I could sense the uneasiness in the crowd that had gathered in the gym. What is he saying? This is no way to fire up his team and get us all excited about the game tonight. He can’t be admitting defeat! I didn’t think he was that kind of coach!
“Tonight we play a basketball powerhouse that anyone in their right mind would pick to blow us out of the gym,” I continued. “They are one of our classification’s giants in the state when it comes to basketball. Just look at their starting lineup. Six -seven, Six-seven, six-five, six-three and six-one.”
I now had the audience right where I wanted them. I wanted them to feel the impossibility of the situation before I changed gears. “But, I want to tell you a story,” my voice slightly rose. “It’s the story in the Old Testament of a man named Gideon who took 300 untrained men without weapons and completely wiped out the enemy army that stood with over 100,000 fighting men.
“And then one time there was this little scrawny shepherd boy named David who took five stones and a sling shot and defeated the single greatest giant of a man the enemy had.

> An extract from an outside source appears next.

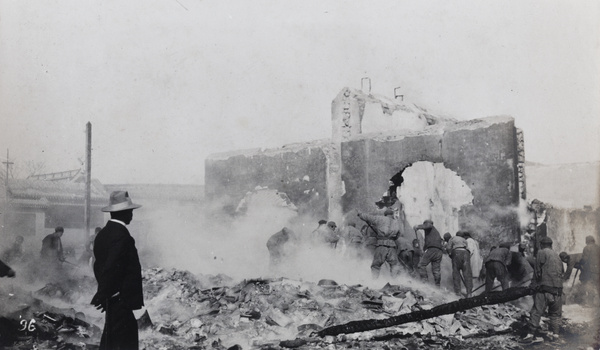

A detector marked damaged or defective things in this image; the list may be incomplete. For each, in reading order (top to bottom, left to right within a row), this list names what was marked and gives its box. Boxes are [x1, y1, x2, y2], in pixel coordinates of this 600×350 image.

charred timber [316, 288, 536, 336]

“Moving through history, we see the American colonists taking up arms to defeat the highly trained British army.
“In 1980,” the speed and excitement of my delivery grew, “the United States Olympic hockey team had no chance of defeating the older, wiser, and better team from the Soviet Union. But some of you might remember the call made as the game’s final seconds ticked away, ‘Do you believe in miracles?’ and that underdog U.S. hockey team won that game.
“I could go on and on and list more of the major upsets that have happened throughout all of history,” I continued, “but I think you see my point. I don’t care what the experts say about how great of a basketball team we are playing tonight. And don’t misunderstand me, they are great. But that doesn’t mean that we are going to hand them a victory. Tonight, just like David did a few thousand years ago, we are going to gather five stones, five players on the floor, and we are going to take it to the giant.”
The crowd now sounded like a horses stampede as they realized my tactic. However, I wasn’t finished. “But we cannot do it alone,” I shouted into the microphone in order to be heard above the roar. “We need each of you there with us, cheering for us and giving us strength. If we are going to shock the world tonight, we can’t let up for a minute. We have to play a full 32 minutes of great basketball.” I raised my hand and pointed throughout the crowd. “So when we start to get mentally and physically tired out there, we need to rely on you to give us that energy we need.” The crowd cheered again.
My voice rose. “Together, tonight, we are not only going to win this game, we are going to shock the world.” As if on cue, the band began playing the school fight song as I shouted again, “We are going to shock the world.”
However, now, hours removed from being that confident coach in that Pep Rally, as I stood in front of the bench watching my five starters line up for the jump ball, I knew all those words I had so boldly spoken earlier that morning were nothing more than hype. Winning this game really was an impossible situation. I turned towards my assistant coach, a man much older and wiser than me and muttered, “Coach, I just don’t want to be embarrassed tonight.”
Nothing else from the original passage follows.